Data shown:

--------

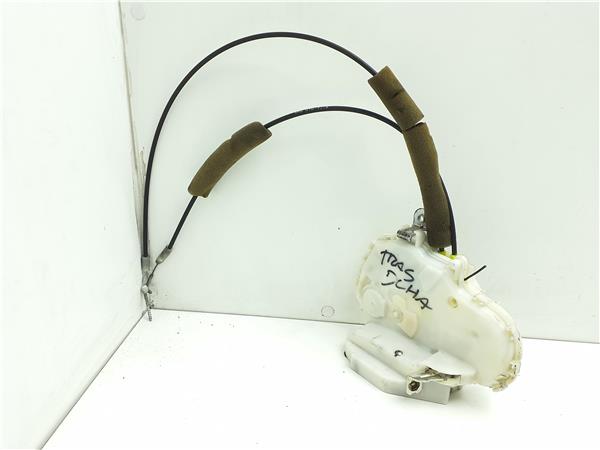 cerradura puerta trasera derecha honda civic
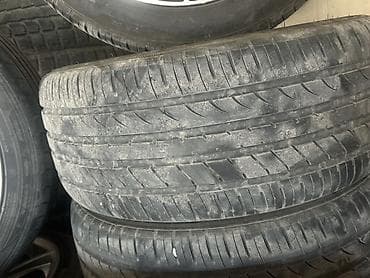 диски на мерс 210 кузов: Колеса в сборе R 17, Лето, Б/у, Комплект, Легковые, Литые, отверстий - 5 — 2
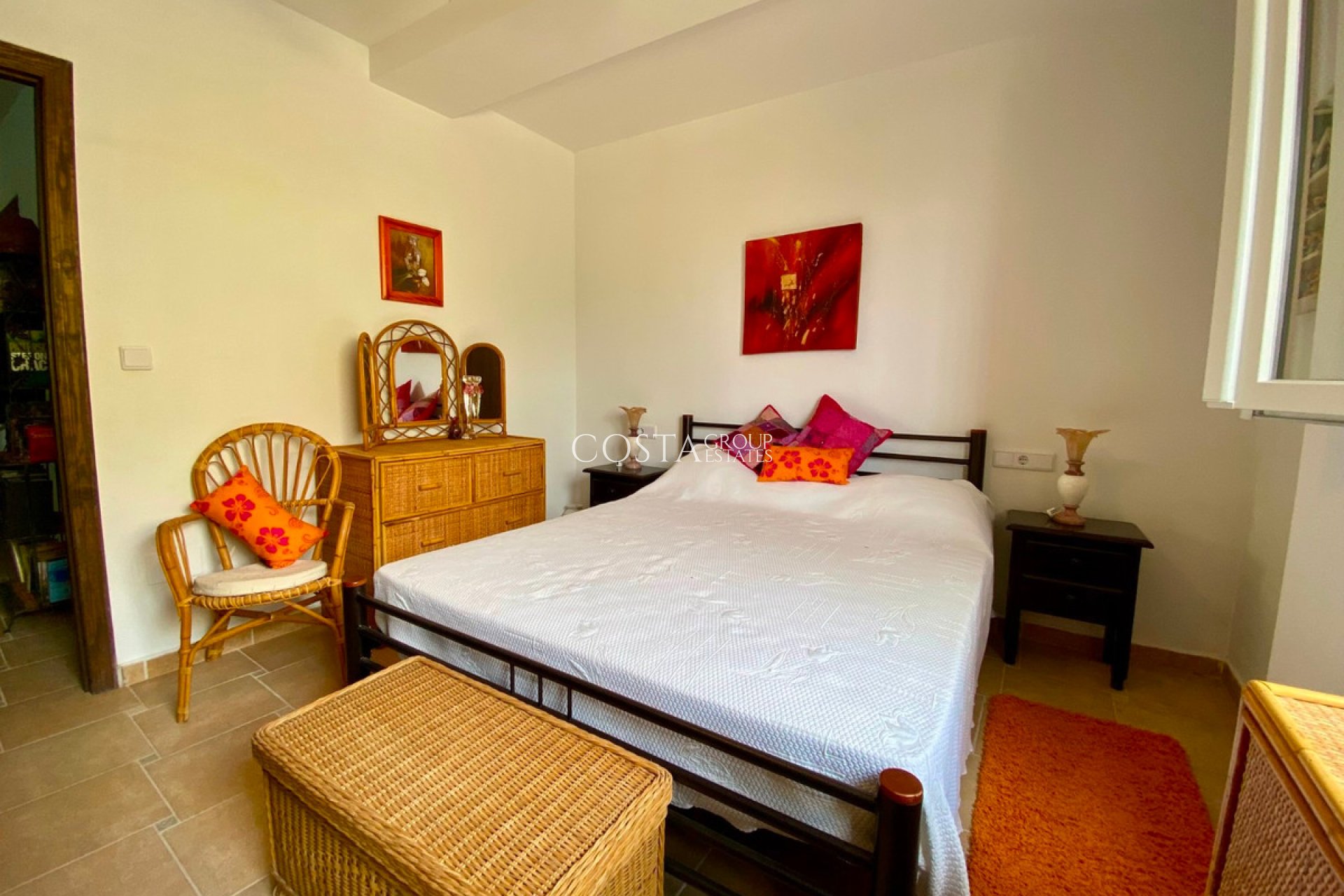 Herverkoop - Villa -
Algorfa - Algorfa Centro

--------

Work instruction:
Could each line of the data be written out exactly, with no pictures included?

Response below:
 cerradura puerta trasera derecha honda civic
 диски на мерс 210 кузов: Колеса в сборе R 17, Лето, Б/у, Комплект, Легковые, Литые, отверстий - 5 — 2
 Herverkoop - Villa -
Algorfa - Algorfa Centro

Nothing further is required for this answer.